**EXTRACTED RECORDS:**
== Segment start ==
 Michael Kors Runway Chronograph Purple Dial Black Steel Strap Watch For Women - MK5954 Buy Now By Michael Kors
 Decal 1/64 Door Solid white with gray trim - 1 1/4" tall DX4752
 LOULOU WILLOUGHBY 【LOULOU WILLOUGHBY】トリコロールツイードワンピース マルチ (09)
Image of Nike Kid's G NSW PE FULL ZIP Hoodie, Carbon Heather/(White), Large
== Segment end ==
== Segment start ==
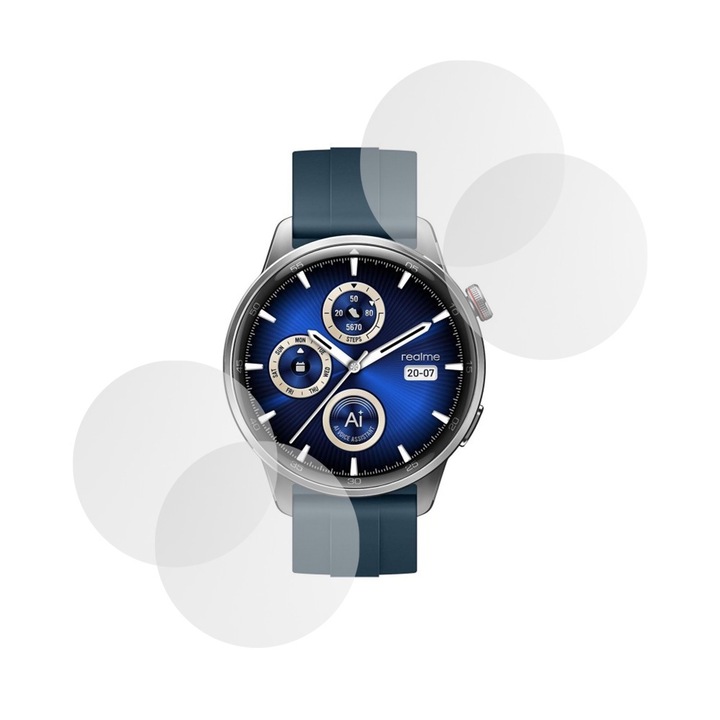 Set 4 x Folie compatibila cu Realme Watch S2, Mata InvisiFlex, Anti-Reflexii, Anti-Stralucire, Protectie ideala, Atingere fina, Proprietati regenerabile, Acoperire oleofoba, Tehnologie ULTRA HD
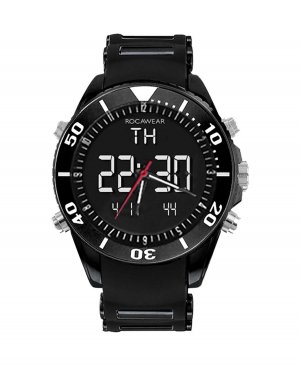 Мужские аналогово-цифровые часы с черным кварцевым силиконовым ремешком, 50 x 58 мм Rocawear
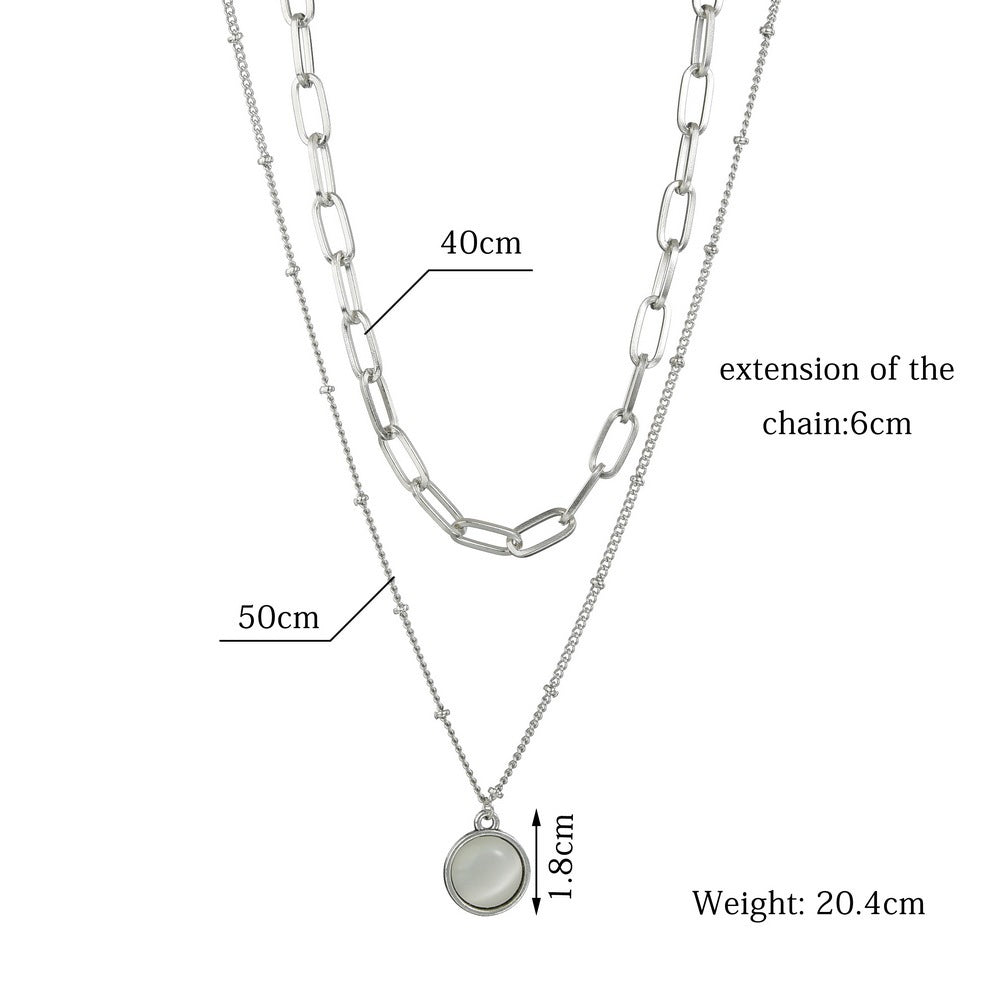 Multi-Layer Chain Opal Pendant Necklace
== Segment end ==
**WORK REQUEST:** Working from the records above, write out verbatim only the lines from the line containing "Michael Kors Runway" through the line containing "LOULOU WILLOUGHBY 【LOULOU".

**RESPONSE TO THIS EXERCISE:**
 Michael Kors Runway Chronograph Purple Dial Black Steel Strap Watch For Women - MK5954 Buy Now By Michael Kors
 Decal 1/64 Door Solid white with gray trim - 1 1/4" tall DX4752
 LOULOU WILLOUGHBY 【LOULOU WILLOUGHBY】トリコロールツイードワンピース マルチ (09)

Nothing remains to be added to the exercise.